(Beginning of SUPPLIED DATA)

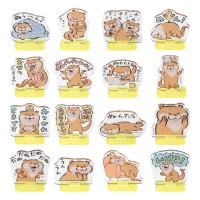 �İ������Υ��復�� ������륹����ɥ��쥯�����(��äȤ̤�̤�)(��16��)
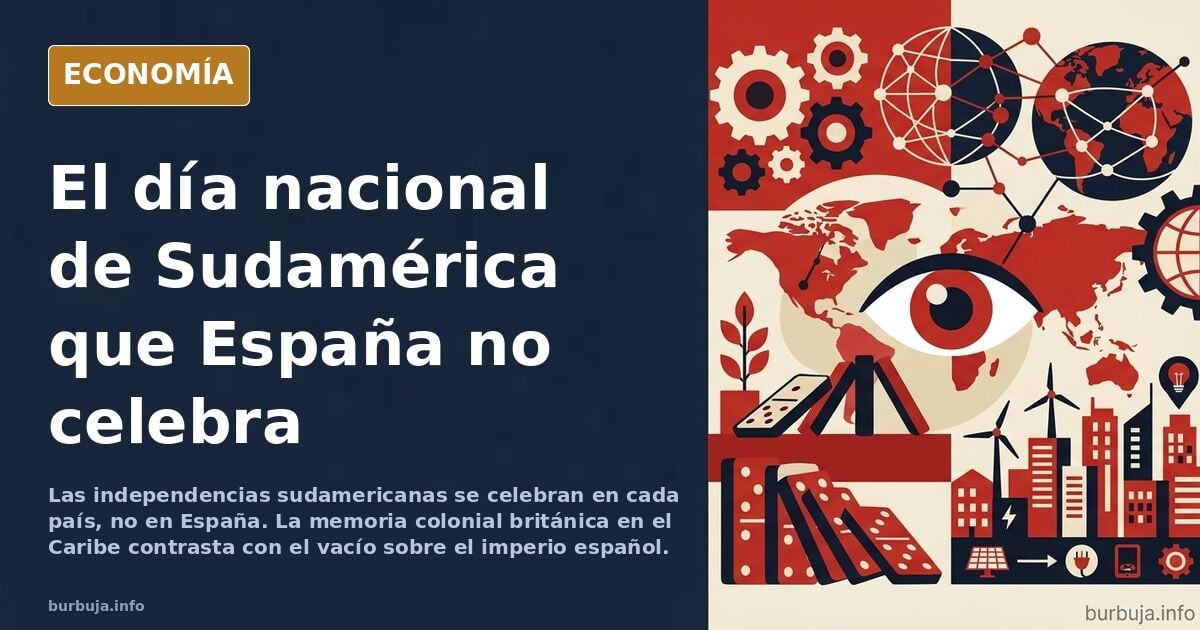 La hispanchidad: Sabeis que solo celebrais eso vosotros, no? Los panchos en X se cagan en vosotros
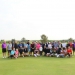 <h2>October 2022 Mediterranean Islands Golf Cruise</h2>8 Nights | 4 Rounds | Rome - Barcelona | October 21 - 28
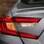 Honda Accord. Foto: Divulgação/Honda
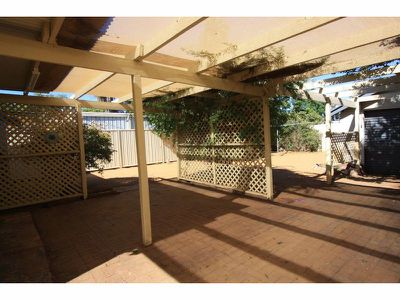 111 Gipps Street, Dubbo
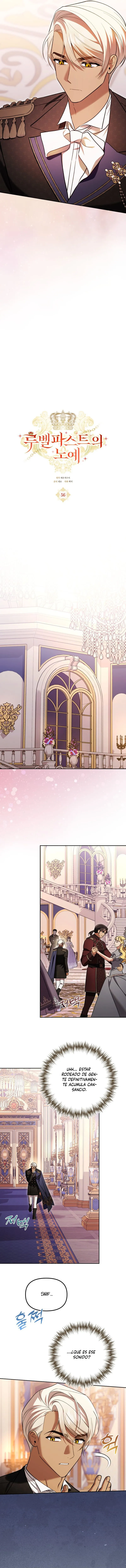 5 Esclavo de Rubelfast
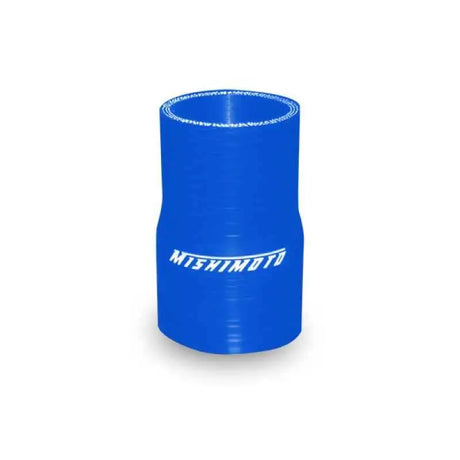 Mishimoto MMCP-22525BL
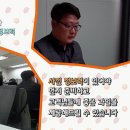 과일바빠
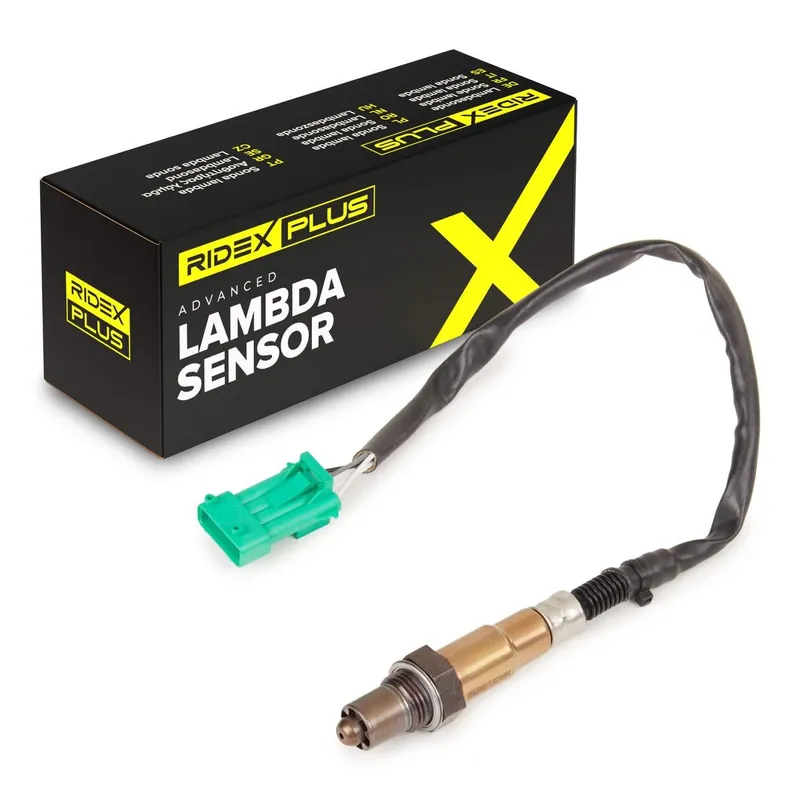 Lambdasond RIDEX PLUS 3922L0072P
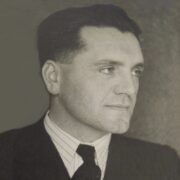 Jaroslav Krátký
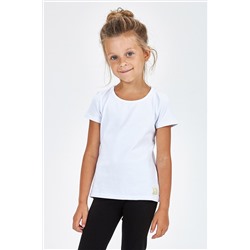 Футболка KOGANKIDS, 693521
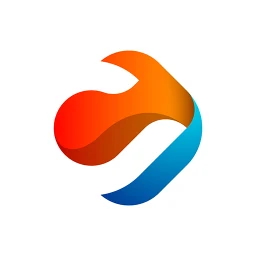 Icono de CALECO Industriewärmetechnik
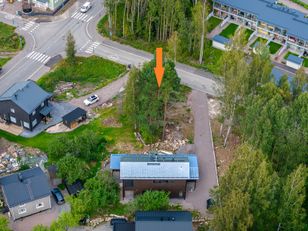 Kohdekuva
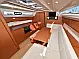 Bavaria Cruiser 41 - 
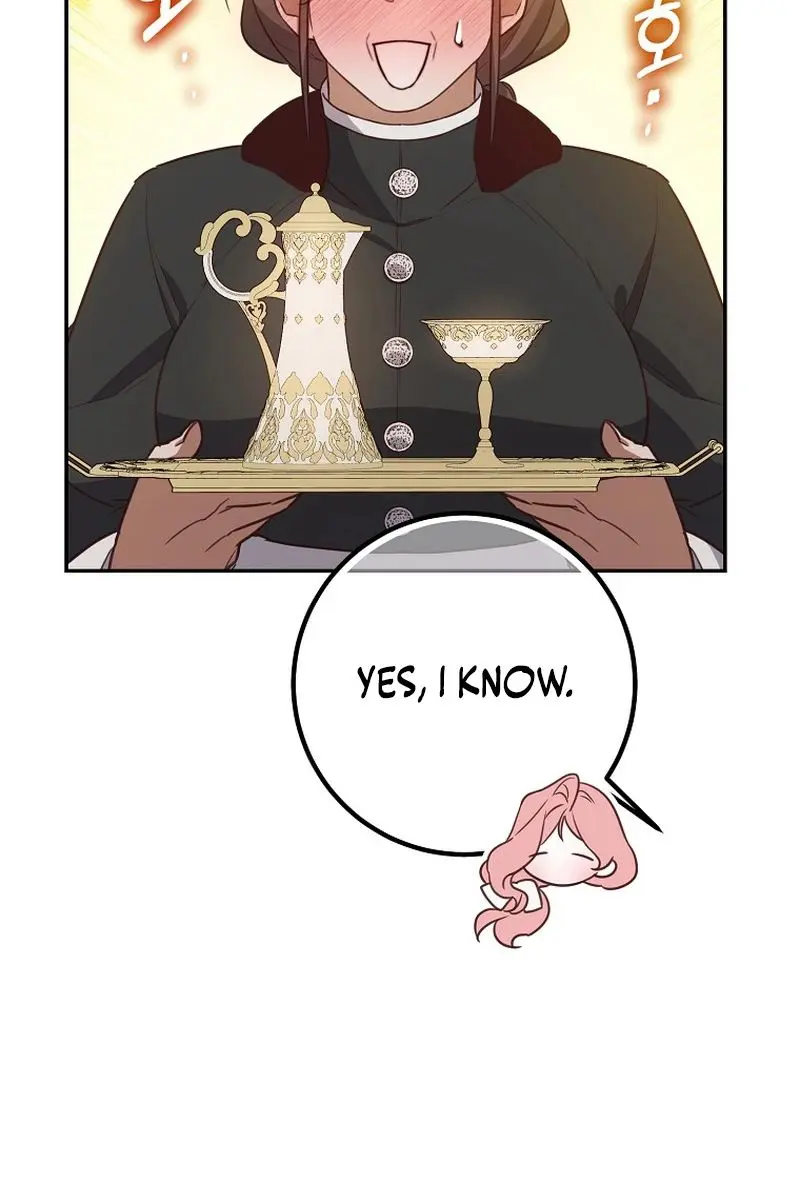 Follow Your Heart Chapter 15 Page 63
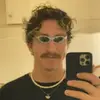 Eric Born - @borneric - TikTok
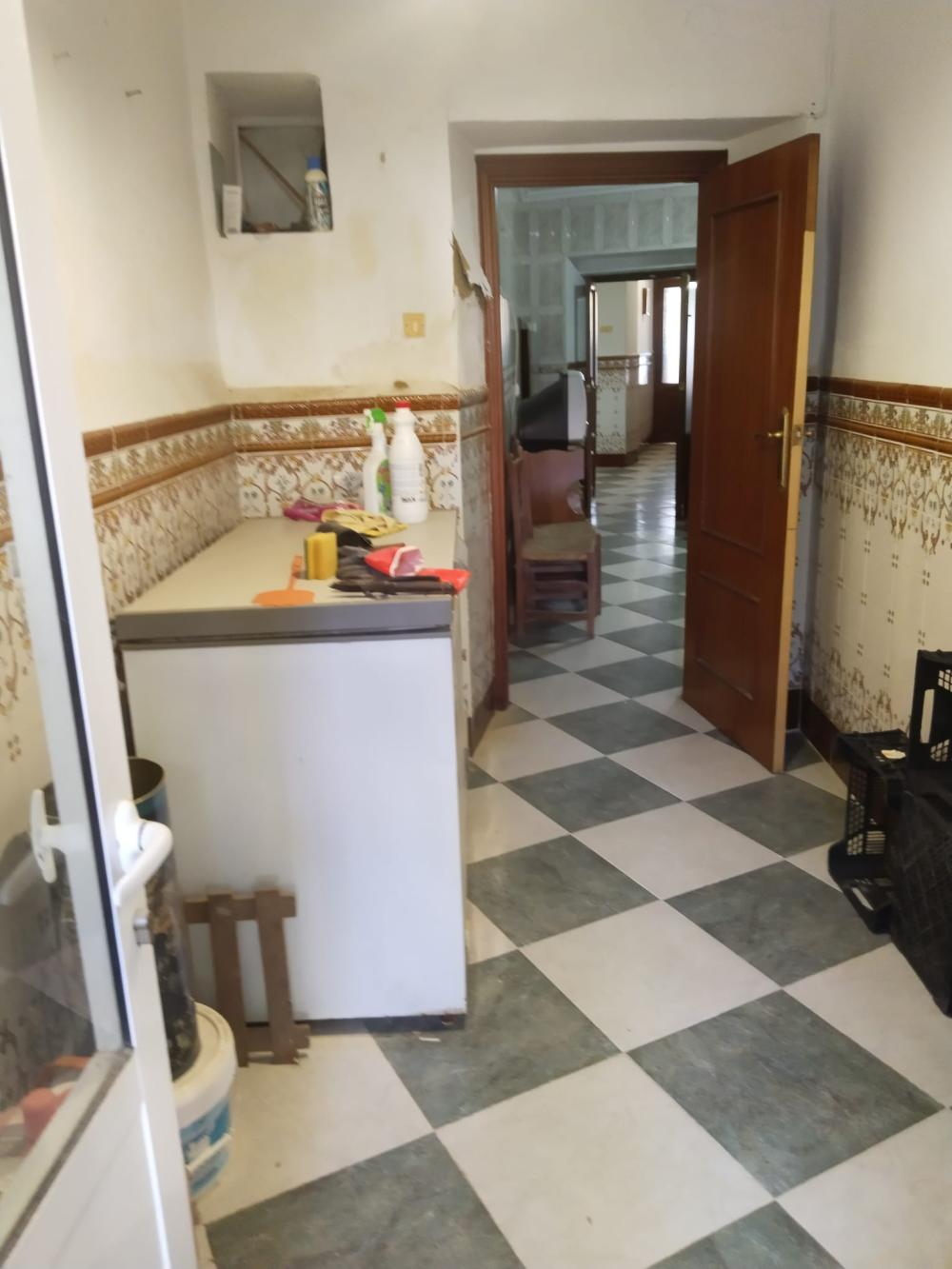  kaufen Haus Guadalcanal Sierra Norte 39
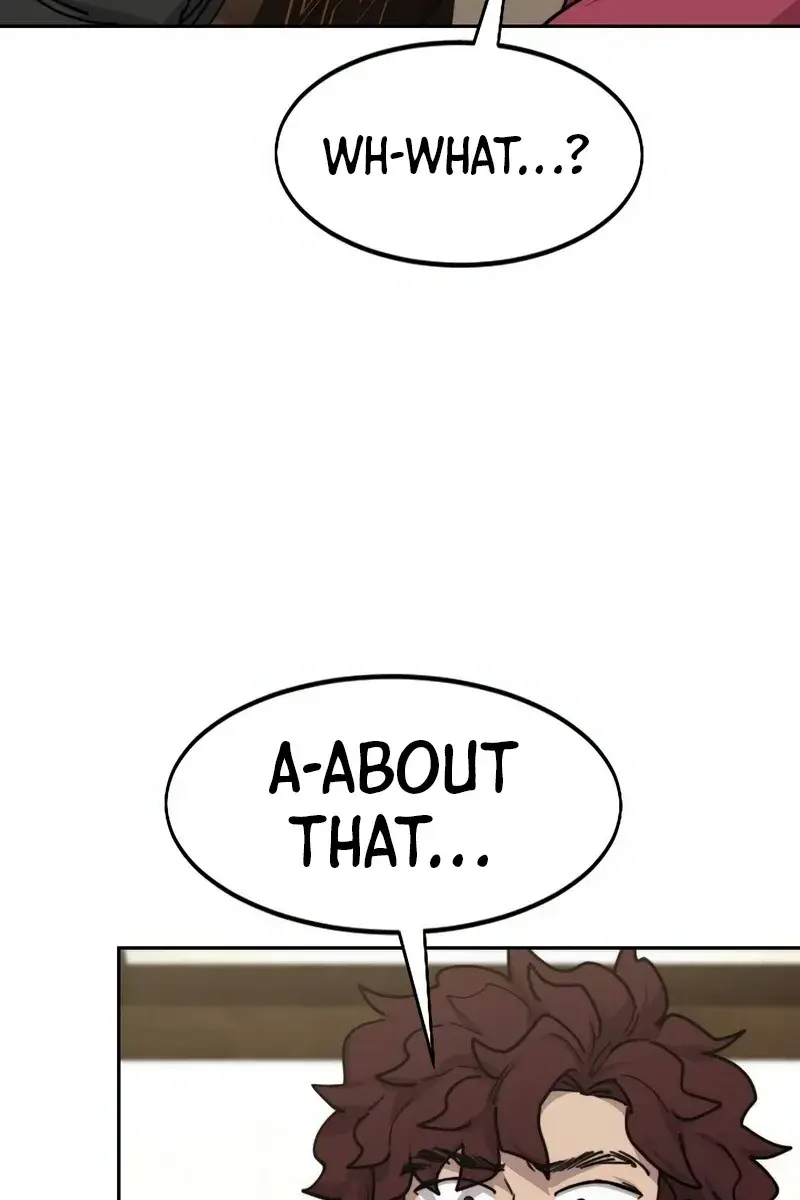 Return of the Mount Hua Sect Chapter 139 Page 26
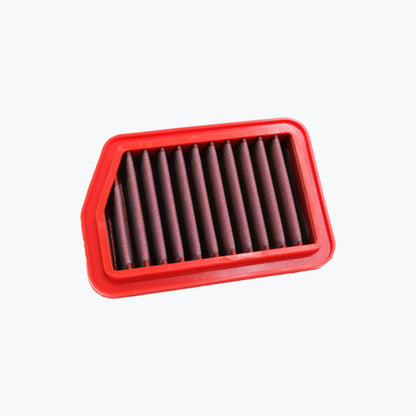BMC HONDA HNESS CB350/350 RS FM01155 | AIR FILTER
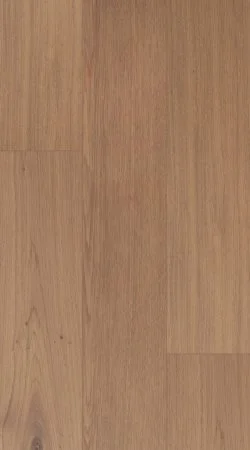 Паркетная доска Auswood Travel Oak Amalfi в Сыктывкаре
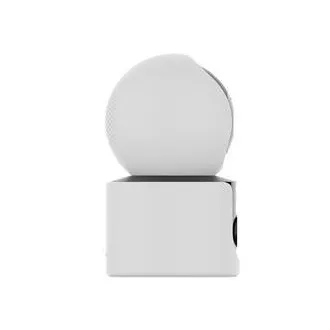 Camera de exterior Xiaomi CW500 Dual EU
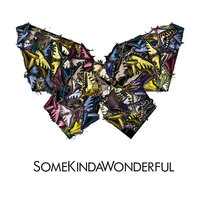 Wait For Me - SomeKindaWonderful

(End of SUPPLIED DATA)

### [EXERCISE INSTRUCTIONS]
Every line from the one that holds "BMC HONDA HNESS" to the last line of the records above goes into the answer, exactly as written; nothing else does, and no picture does either.

### [SOLUTION TO THE PROBLEM]
BMC HONDA HNESS CB350/350 RS FM01155 | AIR FILTER
 Паркетная доска Auswood Travel Oak Amalfi в Сыктывкаре
 Camera de exterior Xiaomi CW500 Dual EU
 Wait For Me - SomeKindaWonderful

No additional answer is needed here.